Julian Whitaker, MD
On any given day, asthma leaves some 20 million Americans wheezing and gasping for breath. And those numbers are skyrocketing: Over the last 20 years, its incidence has more than doubled, and asthma now kills more than 5,000 Americans each year.
Despite its recent surge, asthma is not a new disease. In fact, rabbi-philosopher-physician Moses Maimonides wrote the first full-length book on asthma in the twelfth century, advocating sexual abstinence and chicken soup. His recommendations were not entirely off the mark—chicken soup inhibits inflammation, which research has shown is a key factor in asthma.
Drugs and More Drugs
If you’re diagnosed with asthma today, you’ll be treated not with soup but with drugs. Although medications are sometimes unavoidable, they come with a host of adverse side effects. Corticosteroids increase risk of osteoporosis, cataracts, glaucoma, and hypertension, and impede growth in children.

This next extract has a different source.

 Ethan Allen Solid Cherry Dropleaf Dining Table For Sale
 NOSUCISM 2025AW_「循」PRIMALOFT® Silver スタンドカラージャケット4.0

Bronchodilators (beta2-agonists) can cause rapid heartbeat, muscle tremor, hyperglycemia, and headaches.
If your condition is serious enough to require asthma drugs, talk to your doctor about lowering your doses (most asthmatics do equally well on half their medication). And because some asthma drugs are known to deplete calcium, folic acid, magnesium, potassium, selenium, vitamin C, vitamin D, and zinc, it is important to take a potent multivitamin and mineral supplement daily.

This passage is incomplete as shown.